WSTG.csv and W_stages.csv:Contains the environmental covariates organized by soybean phenological stages. Each number in variable's name corresponds to the interval that data was summarised.
- T2M_MAX: The daily maximum temperature at 2 meters in graus Celsius.
- T2M_MIN: The daily minimum temperature at 2 meters in graus Celsius.
- RH2M: The ratio of actual partial pressure of water vapor to the partial pressure at saturation in percent.
- T2M: The average air temperature at 2 meters above the surface of the earth in graus Celsius.
- PRECTOTCORR: The total precipitation at the surface of the earth in water mass in milimeters.
- WS2M: The average of wind speed at 2 meters above the surface of the earth in meters per second.
- QV2M: The ratio of the mass of water vapor to the total mass of air at 2 meters in percent.
X.csv: Contains the molecular marker (Single nucleotide polymorphisms) information for the evaluated genotypes. Each column corresponds to the molecular marker coded as 0, 1 and 2.
- Genotype: The name of evaluated genotypes.
Y.csv: Containts the phenotypic information of genotypes evaluated across environments.
- year: The year which phenotypic data was collected.
- location: The location where phenotypic data was collected.
- environ: The combination of year x location.
- strain: The name of the genotype that was evaluated.
- yield: The grain yield in kg per hectare.
env.cov.csv: Contains the raw environmental covariates data before different strategies for summarization.
- YearFilt: The year in which the weather data were collected.
- ENV: The name of the environment (combination of location × year).
- YEAR: The year in which the weather data were collected.
- MM: The month in which the weather data were collected.
- DD: The day on which the weather data were collected.
- DOY: The day of the year corresponding to the weather data.
- YYYYMMDD: The complete date corresponding to the weather data.
- T2M_MAX: The daily maximum temperature at 2 meters in graus Celsius.
- T2M_MIN: The daily minimum temperature at 2 meters in graus Celsius.
- RH2M: The ratio of actual partial pressure of water vapor to the partial pressure at saturation in percent.
- T2M: The average air temperature at 2 meters above the surface of the earth in graus Celsius.
- PRECTOTCORR: The total precipitation at the surface of the earth in water mass in milimeters.
- WS2M: The average of wind speed at 2 meters above the surface of the earth in meters per second.
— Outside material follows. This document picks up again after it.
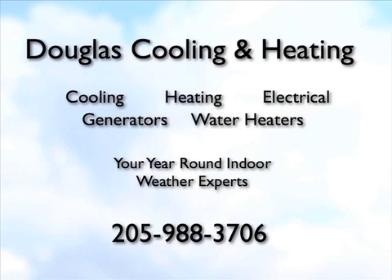Douglas Cooling and Heating, serving the Birmingham area for 38 years. 988-3706. That's Douglas.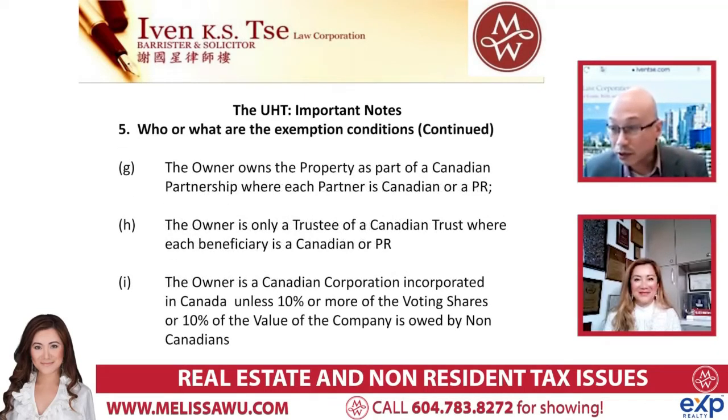Another exemption area: if you have a trust, Canadian company, or partnership owning the property, they look at whether 10% or more of the voting shares or 10% of the ownership value of the company is owned by non-Canadians. If so, there's going to be a problem. They're looking at ownership and who owns the value of the home - you can have 10% of the shares, but certain shares are worth more than others. So if the non-resident person owns most of the value, it's taxable.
- QV2M: The ratio of the mass of water vapor to the total mass of air at 2 meters in percent.
pipeline
- 01.extracting_ec_data.R:
R codes for extracting environmental covariates of locations.
- 02.AdjustingW.R:
R codes for adjusting different strategies to summarise the environmental covariates informations.
- 03.DesignMatrices.R:
R codes for building design matrices for fitting genomic selection models.
- 04.1.FittingFullDataModels.R:
R Codes for fitting data with full data for estimating variance components using different models.
- 04.FittingModelsParallel.R:
R codes for conducting cross-validation in parallel for faster running time.
- 05.VC.R:
R codes for extracting variance components from full data models.
- 3.1.AssigningCV.R:
R codes for assigning observations into folds for conducting cross-validation.
- .gitignore: file generated automatically when creating github folder. Not needed for running analyses.
- impact-ec.Rproj: file for openning R project.
Code/software
The materials uploaded in this file can be viewed through the softwares Microsoft Excel and the codes were written using the R Language. The original code can be accessed at: https://github.com/vsagae/impact-ec
Access information
Data was derived from the following sources:
- The dataset is a subset from SoyNAM (Soybean Nested Association Mapping) and was initially loaded using the R package "SoyNAM" (Xavier et al., 2022).